Surgical procedures and their updated minimally invasive alternatives

Surgical procedures and their updated minimally invasive alternatives

Cosmetic surgery has been around for decades and hasn’t always had the best reputation. Many of the treatments available to the general public are often still associated with botched surgery outcomes that are mostly the result of the work of an untrained or unskilled professional or outdated surgical procedures that have since been replaced with updated and advanced medical technology, available at facilities such as Skinly Aesthetics.

While there are a number of cosmetic procedures that still require surgical intervention, medical innovations have allowed for a safer and less invasive approach for many cosmetic treatments. These minimally and non-invasive options offer patients and physicians safe alternatives that can accomplish the same results, without the surgery. I wanted to explore these treatments more in depth to see how they compare to their original surgical counterparts. Here’s what I found.

Lip fillers and other enhancements:

Lip enhancements date back to the early 1900s and started off with what is known as fat grafting. Fat grafting is a procedure in which fat is harvested from one part of the body using liposuction, purified, and injected into another. Unfortunately, fat transfers can be very risky and can result in fat embolism, which is when fat enters the bloodstream and blocks blood vessels, which in rare cases can result in fatality. In addition, fat grafting can lead to uneven and lumpy results that are irreversible unless the fat is surgically removed.

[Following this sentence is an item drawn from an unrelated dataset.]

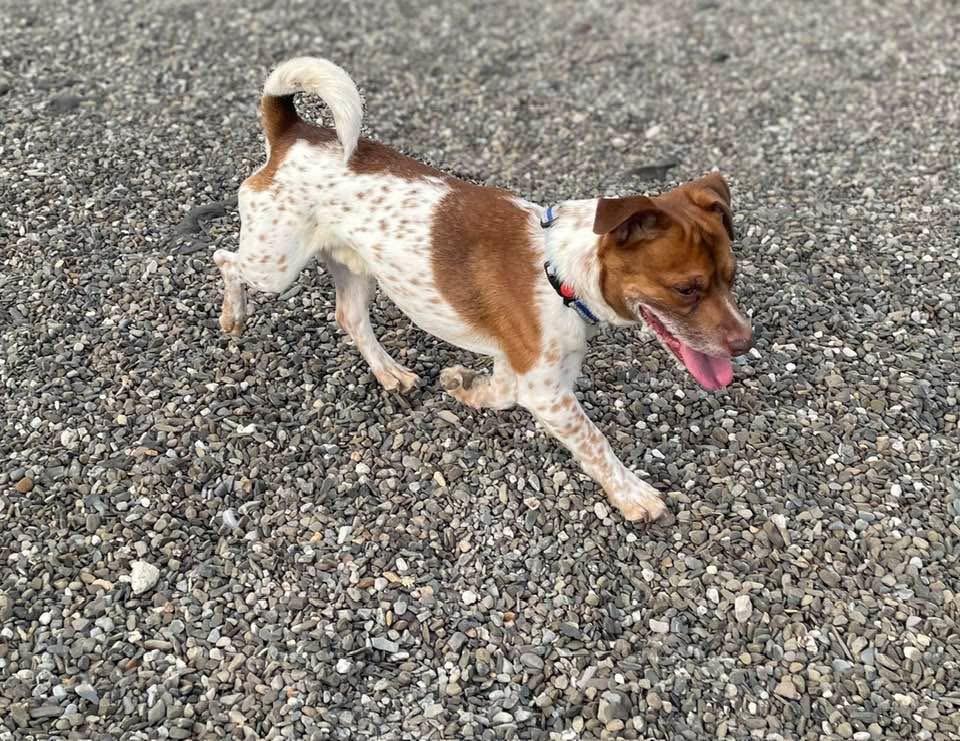 Enlarge Bobby Flay, a Adoptable mixed breed in Wanaque, NJ image 2/4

Today, Lip fillers are much safer in that the primary compound used to inject the lips is typically a hyaluronic acid based filler. Hyaluronic acid is naturally produced by the body, making it less likely to result in rejection of the implant. It also comes in many different forms, all of which are designed for different areas of injection and results. Hyaluronic acid fillers are dissolvable through the application of hyaluronidase, which reverses its effects.

If you plan on getting hyaluronic acid lip injections, be sure to get them injected by a skilled professional. There are some DIY lip fillers going around, which utilize a needle free pressurized device to press the filler into your skin. While this may sound appealing, it is actually quite dangerous as described by many medical professionals.

Butt enhancements have also become increasingly popular over the course of the past 15 years. Fortunately, butt implants are becoming a thing of the past as the development of minimally invasive butt lifts has reached a new era.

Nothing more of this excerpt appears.